Модификации романной формы в прозе Запада второй половины ХХ столетия - страница 36
Думается, вполне оправданно полагать, что в своих истоках романная метафора Зюскинда восходит к Э.Т.А. Гофману, который в «Эликсирах сатаны» в развернутой метафорической форме, определяющей все элементы его готического повествования, воплощает романтическую идею «рока»[209]. Художественная аналогия — «эликсиры сатаны» и «запах» как «центр» романных метафор и реализация этих метафорических мотивов как формотворящих, от сюжетосложения и композиции до поэтизированных описаний, — очевидна. И у Гофмана, и у Зюскинда явно метафорическое моделирование художественно-романного мира. Однако романтический порыв воображения отличает Гофмана от Зюскинда, который тяготеет к созданию интеллектуально-экспериментальной ситуации, к типичной в литературе XX века аналитической метафорической модели.
Представляя собой спаянное целое, метафора Зюскинда разворачивается в картину, условно говоря, триедино, когда явно просматриваются три ведущих мотива.
Многоуровневость первого можно определить как овладение ароматом; разные — центробежные и центростремительные — нити сплетают этот мотив.
«Видеть носом» — это одна из образных формул того сверхдара, который ниспослан Греную, но овладение и владение им, «наука» и «искусство» аромата — достижения всецело гренуевские. В погоне за ароматами, одержимо и непрестанно насыщая себя все новыми и новыми запахами, «он не только воспринимал мешанину ароматов во всей ее полноте — он расщеплял ее аналитически на мельчайшие и отдаленнейшие части и частицы», и «ему доставляло невыразимое удовольствие распутывать и прясть эти нити» (20)[210].
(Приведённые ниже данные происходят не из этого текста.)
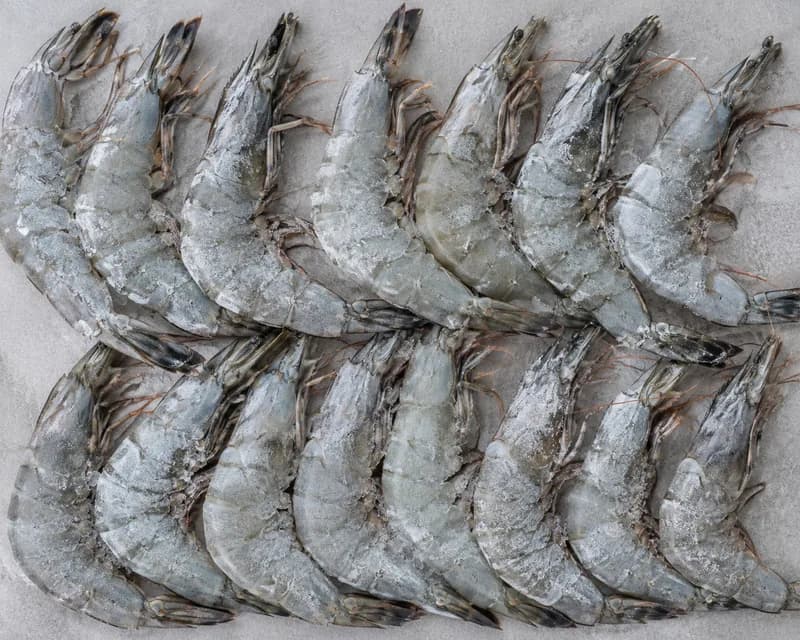 Large raw shell-on king prawns laid out in rows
Это первичное вхождение в мир запахов, жизнь Гренуя в нем отмечены как кульминация — тем пережитым «ощущением счастья», которого «до сих пор он никогда за всю свою жизнь не испытывал» (25) и к которому он приобщился, присвоив аромат задушенной им рыжеволосой девушки с улицы Марэ. Переполненный блаженством, Гренуй рождается заново не только в чувстве жизни, но и в осознании себя как гения, жизнь которого обретает «смысл и задачу, и цель, и высшее предопределение» (25).
В своем творческом порыве Зюскинд столь же беспределен, как и его Гренуй. Своеобразная синхронность устремлений и автора, и героя рождает ту вплетенную в развернутую метафору образность, что возникает уже за пределом реально-возможного, но в своей фантасмагоричности — оттененной авторской иронией — остается художественно достоверной в романном мире Зюскинда, герой которого «дистиллировал латунь, фарфор и кожу, зерно и гравий. Просто землю. Кровь и дерево, и свежую рыбу. Собственные волосы… он дистиллировал… даже воду из Сены, потому что ему казалось, что ее своеобразный запах стоит сохранить» (52).
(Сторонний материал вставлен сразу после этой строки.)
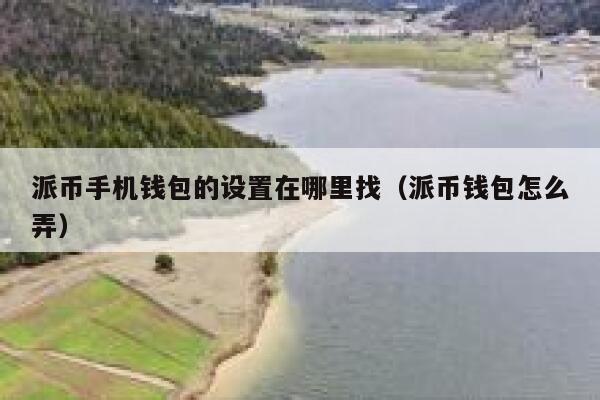 派币手机钱包的设置在哪里找（派币钱包怎么弄） 第1张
Парфюмерное творчество для Гренуя суть постижение человеческой тайны ароматов. Собственно, в этом и заключен смысл мотива овладения ароматами, как и логика его романного развития. Постижение тайны запаха было для Гренуя и человеческим сердцеведением, открывшим гению парфюмерии, что самое действенное из переживаний (и состояний) людских, предопределяющее образ мыслей и поступки человека (а значит — и его судьбу), дающее власть над ним — сосредоточено в любви. И, как прежде, прозрев жизненную мощь запаха, он решил стать «всемогущим богом аромата», так теперь Гренуй действенно претворяет это решение властвовать не в своих фантазиях, как некогда, а «в действительном мире и над реальными людьми» (78). И поэтому, убивая девушек, вызывающих своим ароматом любовь, овладевает их благоуханием, стремясь к главной цели — присвоить аромат Лауры, из которого намерен создать неотразимую композицию, вызывающую любовь-преклонение перед ним, Гренуем, и тем дающую абсолютную власть над «другими».
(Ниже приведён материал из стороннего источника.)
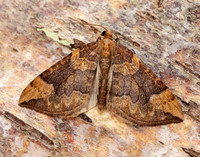 70.091 BF1756 Northern Spinach Eulithis populata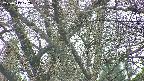 takano4-20250417172058.jpg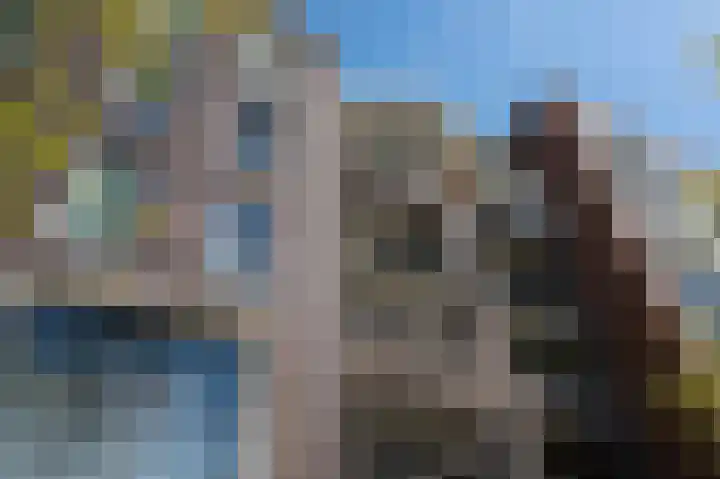 Sterreschans 569 Oegstgeest thumbnail 34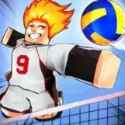 Volleyball Legends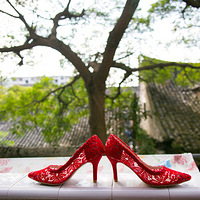 ���ƶ��������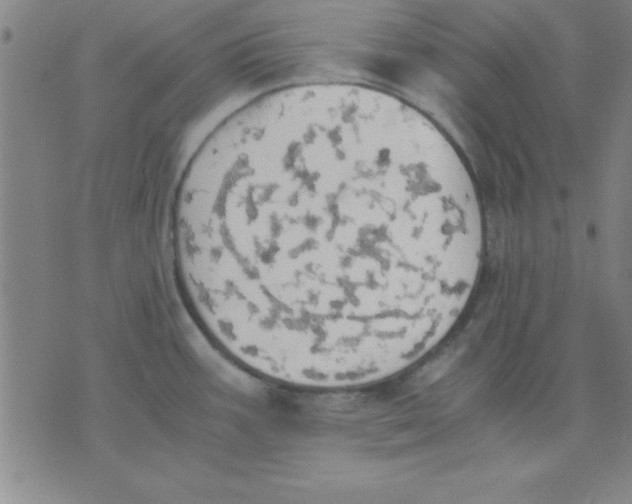 X0000075811387200610061721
«Другие» — не сиюминутно возникший и не новый момент в реализации метафоры, здесь он выступает как одно из звеньев в цепочке развития второго мотива: аромат как основа отношений «я» — «ты», «я» — «другие». Определен он с самого начала рассказываемой истории Гренуя и изначально отмечен имманентным двуединством отчуждения «парфюмера» — его несовместимостью с «другими» и одновременно потребительским отношением к ним. Картинно развернутое в романном времени и пространстве, определяющееся в фактической и сюжетной конкретике произведения, это двуединство обретает жизненный и личностный смысл, воплотившись в главных устремлениях героя Зюскинда.